Task to complete - Write out again, word for word, the lines below from the line that holds "Tkanina do czytania" through the line that holds "ROCRETA UANTA Monofilament", omitting pictures.

Exercise material -
= = = =
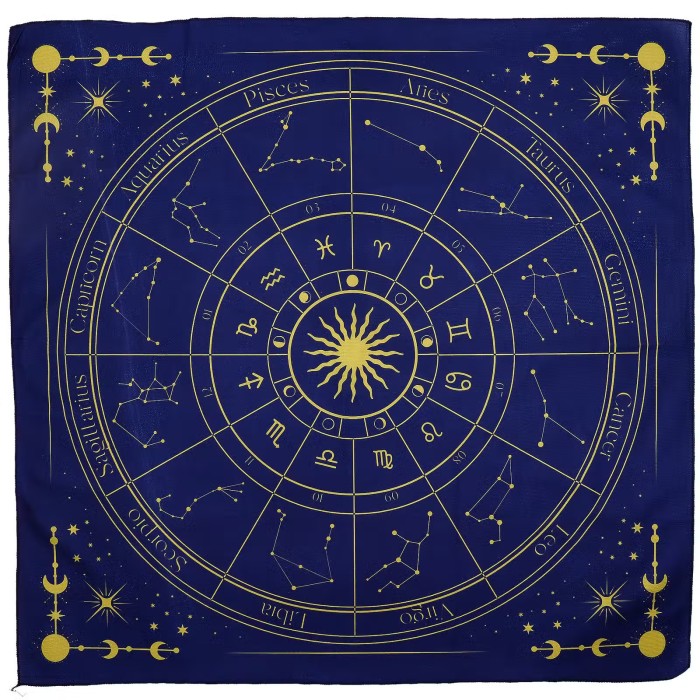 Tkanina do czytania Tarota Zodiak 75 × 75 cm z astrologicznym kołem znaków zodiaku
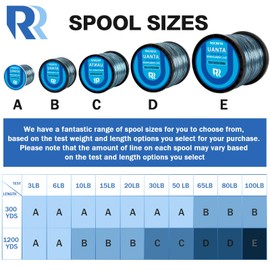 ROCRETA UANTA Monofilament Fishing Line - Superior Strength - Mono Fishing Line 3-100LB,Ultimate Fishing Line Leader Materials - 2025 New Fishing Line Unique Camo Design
= = = =
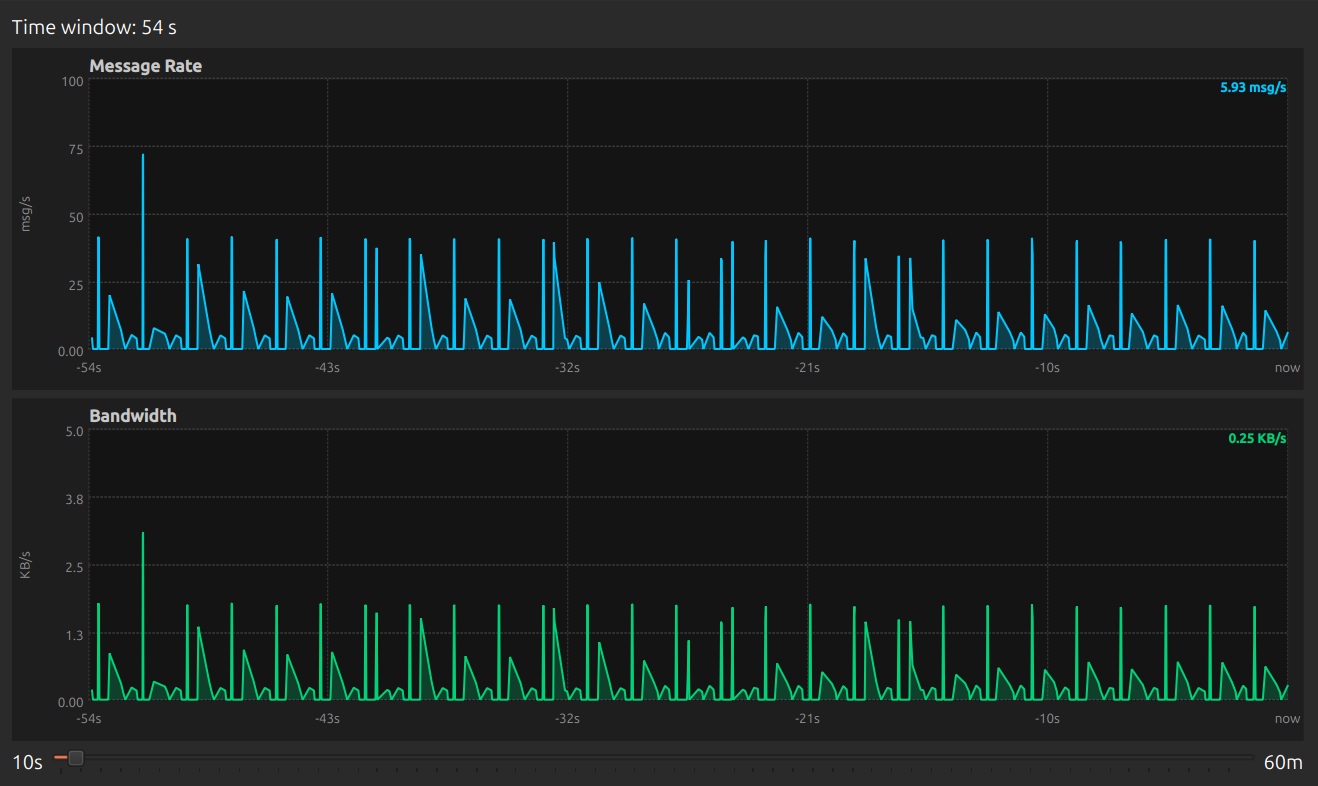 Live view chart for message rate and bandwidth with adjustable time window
= = = =
Output for this task -
 Tkanina do czytania Tarota Zodiak 75 × 75 cm z astrologicznym kołem znaków zodiaku
 ROCRETA UANTA Monofilament Fishing Line - Superior Strength - Mono Fishing Line 3-100LB,Ultimate Fishing Line Leader Materials - 2025 New Fishing Line Unique Camo Design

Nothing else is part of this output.